Site de ponte d'une tortue luth - Notez les traces encore fraîches de sortie et retour à l'eau
Site de ponte d'une tortue verte - l'espèce s'enterre presque entièrement pour pondre
La saison des pontes est encore à son début, celle des tortues olivâtres n'a pas encore débuté. Cette première matinée de bénévolat me permet de découvrir quelques données sur les tortues marines, qui comptent seulement 7 espèces. Je découvre par exemple avec étonnement que les Luth traversent l'atlantique. Il arrive que certains spécimens "enregistrés" (à l'aide d'une puce) au Canada viennent pondre en Guyane ! Comme quoi on peut voyager écologique, il suffit de manger des méduses et d'éviter la pollution alimentaire par les sacs plastiques.
Suite au contrôle de toutes les plages de Rémire-Montjoly, je m'approche d'un spécimen de tortue luth échoué mort la veille. Impressionnant. 400 kg à traîner sur le sable, pour parfois avoir peur des touristes flashant leur tête, être attaqué par des chiens errants - heureusement, la création récente d'un chenil à Cayenne va diminuer le nombre de sites dévastés par ceux-ci, environ 150 en 2008 - voire braconnés, tout simplement. En l'occurrence, ce spécimen sera surement enlevé (explosé ?) par les pompiers...à moins que les vautours "locaux", les urubus noirs, en fassent leur affaire...
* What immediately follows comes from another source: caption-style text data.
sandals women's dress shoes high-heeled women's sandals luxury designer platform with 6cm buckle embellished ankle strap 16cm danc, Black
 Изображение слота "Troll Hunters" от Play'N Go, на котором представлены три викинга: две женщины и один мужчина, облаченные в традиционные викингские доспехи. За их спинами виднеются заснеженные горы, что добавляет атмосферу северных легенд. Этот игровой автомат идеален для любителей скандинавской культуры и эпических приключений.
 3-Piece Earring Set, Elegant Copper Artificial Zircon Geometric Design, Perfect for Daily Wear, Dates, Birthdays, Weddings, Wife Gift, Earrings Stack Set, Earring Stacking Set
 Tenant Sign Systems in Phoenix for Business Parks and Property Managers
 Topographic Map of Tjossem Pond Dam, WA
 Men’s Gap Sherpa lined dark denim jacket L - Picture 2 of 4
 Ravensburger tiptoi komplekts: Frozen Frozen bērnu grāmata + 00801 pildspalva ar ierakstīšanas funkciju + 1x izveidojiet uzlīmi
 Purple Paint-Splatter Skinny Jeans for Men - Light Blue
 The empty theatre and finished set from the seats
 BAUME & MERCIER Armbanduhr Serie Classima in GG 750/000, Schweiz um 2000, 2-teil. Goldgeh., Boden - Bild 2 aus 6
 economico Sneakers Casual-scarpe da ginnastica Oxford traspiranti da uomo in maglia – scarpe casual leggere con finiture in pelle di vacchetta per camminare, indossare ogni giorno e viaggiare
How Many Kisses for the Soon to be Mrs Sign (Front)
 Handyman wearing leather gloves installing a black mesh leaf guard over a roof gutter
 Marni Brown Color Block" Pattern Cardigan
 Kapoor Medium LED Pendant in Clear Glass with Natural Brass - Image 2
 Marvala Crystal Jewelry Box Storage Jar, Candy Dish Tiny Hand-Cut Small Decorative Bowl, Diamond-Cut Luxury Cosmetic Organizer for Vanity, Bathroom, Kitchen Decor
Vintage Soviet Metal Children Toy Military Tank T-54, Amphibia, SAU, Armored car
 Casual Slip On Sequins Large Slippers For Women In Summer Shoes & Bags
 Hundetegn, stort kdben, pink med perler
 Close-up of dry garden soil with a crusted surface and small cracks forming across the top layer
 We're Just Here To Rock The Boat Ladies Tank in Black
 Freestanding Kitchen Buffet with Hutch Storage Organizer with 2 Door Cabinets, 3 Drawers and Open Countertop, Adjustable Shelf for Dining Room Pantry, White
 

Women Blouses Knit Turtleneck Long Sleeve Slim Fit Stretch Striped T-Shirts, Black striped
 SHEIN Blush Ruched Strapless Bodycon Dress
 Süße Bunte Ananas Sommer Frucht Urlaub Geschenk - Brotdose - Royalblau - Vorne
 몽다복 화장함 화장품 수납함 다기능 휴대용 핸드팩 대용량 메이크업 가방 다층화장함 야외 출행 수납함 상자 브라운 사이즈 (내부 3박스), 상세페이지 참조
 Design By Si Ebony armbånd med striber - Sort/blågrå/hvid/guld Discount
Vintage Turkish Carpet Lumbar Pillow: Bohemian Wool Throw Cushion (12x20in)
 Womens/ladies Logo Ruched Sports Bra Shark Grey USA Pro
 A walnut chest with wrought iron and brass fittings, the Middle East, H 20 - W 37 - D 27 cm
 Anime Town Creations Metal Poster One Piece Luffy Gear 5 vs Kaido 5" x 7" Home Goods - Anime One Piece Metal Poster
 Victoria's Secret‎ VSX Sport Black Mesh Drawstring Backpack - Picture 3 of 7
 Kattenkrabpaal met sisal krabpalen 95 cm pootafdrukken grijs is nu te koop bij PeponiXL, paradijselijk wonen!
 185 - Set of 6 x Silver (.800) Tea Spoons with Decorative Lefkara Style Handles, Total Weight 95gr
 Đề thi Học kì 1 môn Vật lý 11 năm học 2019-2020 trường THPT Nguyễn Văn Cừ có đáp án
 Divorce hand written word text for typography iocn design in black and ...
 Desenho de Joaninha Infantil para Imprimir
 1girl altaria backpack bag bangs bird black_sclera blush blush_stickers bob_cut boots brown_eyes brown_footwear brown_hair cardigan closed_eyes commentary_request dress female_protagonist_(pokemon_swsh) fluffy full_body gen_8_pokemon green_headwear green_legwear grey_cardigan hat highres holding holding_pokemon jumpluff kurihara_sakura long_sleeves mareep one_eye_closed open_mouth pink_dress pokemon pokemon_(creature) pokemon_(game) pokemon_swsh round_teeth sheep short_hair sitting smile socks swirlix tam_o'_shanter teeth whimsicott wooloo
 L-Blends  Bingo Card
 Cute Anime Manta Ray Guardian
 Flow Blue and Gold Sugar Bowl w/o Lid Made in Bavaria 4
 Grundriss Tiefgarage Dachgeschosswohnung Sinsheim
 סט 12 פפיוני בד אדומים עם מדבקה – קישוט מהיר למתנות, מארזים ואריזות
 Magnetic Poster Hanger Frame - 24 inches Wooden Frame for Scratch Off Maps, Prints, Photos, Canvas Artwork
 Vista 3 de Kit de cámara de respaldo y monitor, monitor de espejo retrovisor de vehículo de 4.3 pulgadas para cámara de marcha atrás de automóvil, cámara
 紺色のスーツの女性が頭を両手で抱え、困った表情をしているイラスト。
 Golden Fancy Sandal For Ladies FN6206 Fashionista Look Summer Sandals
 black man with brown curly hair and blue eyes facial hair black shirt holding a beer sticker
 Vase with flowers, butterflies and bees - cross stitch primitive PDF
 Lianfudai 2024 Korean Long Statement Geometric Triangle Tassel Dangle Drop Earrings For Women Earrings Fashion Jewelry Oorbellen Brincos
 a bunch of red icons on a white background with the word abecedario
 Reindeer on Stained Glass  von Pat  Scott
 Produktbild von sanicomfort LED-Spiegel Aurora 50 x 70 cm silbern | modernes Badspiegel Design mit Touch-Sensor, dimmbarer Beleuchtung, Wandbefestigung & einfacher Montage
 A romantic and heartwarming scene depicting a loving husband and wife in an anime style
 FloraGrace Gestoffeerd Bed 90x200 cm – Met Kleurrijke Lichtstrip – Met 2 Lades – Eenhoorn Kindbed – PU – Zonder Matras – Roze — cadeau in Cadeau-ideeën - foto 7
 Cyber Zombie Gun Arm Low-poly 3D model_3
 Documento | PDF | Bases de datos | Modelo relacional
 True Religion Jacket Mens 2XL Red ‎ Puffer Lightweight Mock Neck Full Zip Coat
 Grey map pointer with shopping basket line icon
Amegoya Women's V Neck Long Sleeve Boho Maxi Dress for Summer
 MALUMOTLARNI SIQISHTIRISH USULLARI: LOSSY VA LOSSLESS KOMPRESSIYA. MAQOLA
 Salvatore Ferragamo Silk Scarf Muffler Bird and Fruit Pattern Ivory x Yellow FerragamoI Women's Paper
Pour conclure sur une note plus optimiste, il s'avère que les pontes de tortues luth en Guyane explosent depuis deux ans, et semblent bien parties pour suivre le rythme cette année. Alors qu' environ 400-500 pontes étaient répertoriées il y a dix ans, il y en a eu 5000 en 2007 et 6000 en 2008, selon les dires de notre formateur. Les raisons sont bien sur mal connues, politique de conservation, diminution des prédateurs (requins, orques) ou plus globalement modification de l'équilibre écologique global sont évoquées (cela en fera sourire certains...). Pourvu que ça dure!